PROBLEM: As the answer, set down the lines below from the one containing "Accentize DxSplit 分离调节人声 混响 噪声 音量均衡插件Win/Mac" through the one containing "Traueranzeige von Anna", exactly and inclusively, and no others.

DATA EXCERPTS:
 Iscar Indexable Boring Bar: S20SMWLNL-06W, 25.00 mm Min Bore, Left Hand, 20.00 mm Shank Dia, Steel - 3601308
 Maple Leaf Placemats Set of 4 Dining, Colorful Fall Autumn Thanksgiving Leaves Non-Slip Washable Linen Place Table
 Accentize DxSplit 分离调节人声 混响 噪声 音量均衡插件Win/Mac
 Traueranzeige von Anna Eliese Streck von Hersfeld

---

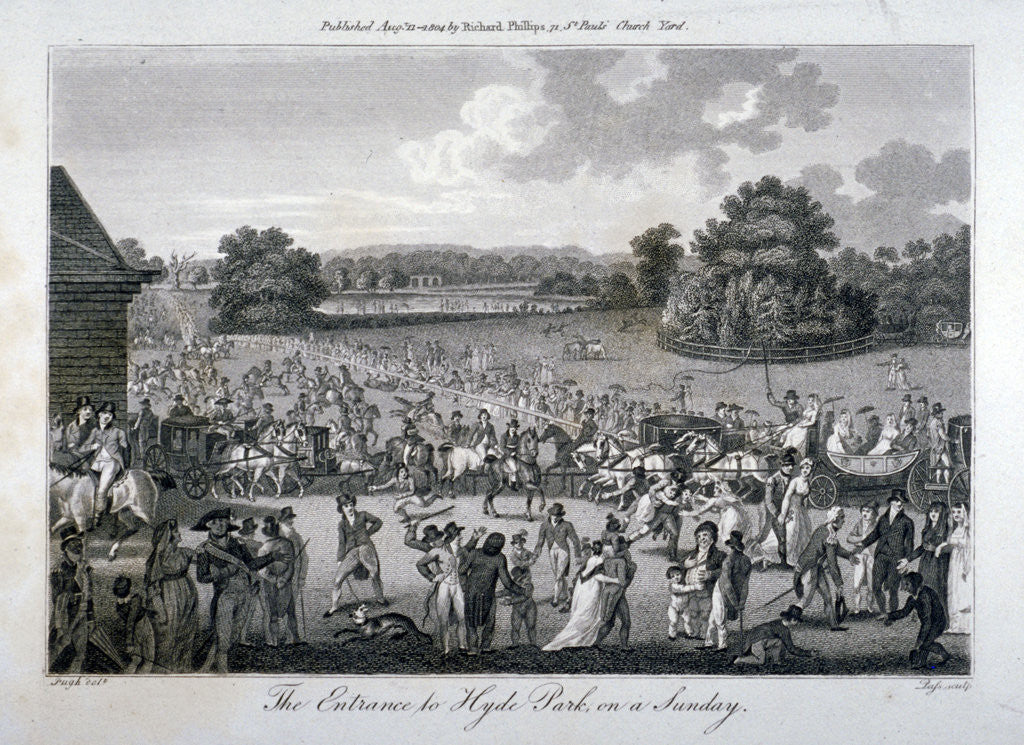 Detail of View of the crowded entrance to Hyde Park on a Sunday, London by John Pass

ANSWER FOR THIS EXERCISE:
 Accentize DxSplit 分离调节人声 混响 噪声 音量均衡插件Win/Mac
 Traueranzeige von Anna Eliese Streck von Hersfeld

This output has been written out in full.